# VG30DETT dimensions



## NASTY_IMPULSE (Oct 6, 2006)

I was wondering what the dimensions of the VG30DETT are for a project car me and my father are working on...right now were down to 3 different engine choices and the VG30 seems to be the best choice, but it is quite larger than the other 2...depth of the engine compartment and length(front-back) aren't my biggest concern...its mostly the width(side-side) that i'm concerned about fitment with.


----------



## Blackbob (Jun 19, 2002)

NASTY_IMPULSE said:


> I was wondering what the dimensions of the VG30DETT are for a project car me and my father are working on...right now were down to 3 different engine choices and the VG30 seems to be the best choice, but it is quite larger than the other 2...depth of the engine compartment and length(front-back) aren't my biggest concern...its mostly the width(side-side) that i'm concerned about fitment with.

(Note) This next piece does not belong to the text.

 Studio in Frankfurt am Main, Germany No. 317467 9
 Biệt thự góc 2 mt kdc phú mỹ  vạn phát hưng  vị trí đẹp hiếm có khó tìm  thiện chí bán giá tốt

What are you trying to put this into ?


----------



## Zen31ZR (Mar 24, 2004)

Well, he did post in the Z31 section......  Pretty sure he's not putting this in a Z32 or a Z33.


----------



## Blackbob (Jun 19, 2002)

Zen31ZR said:


> Well, he did post in the Z31 section......  Pretty sure he's not putting this in a Z32 or a Z33.



You can never be too sure.....


----------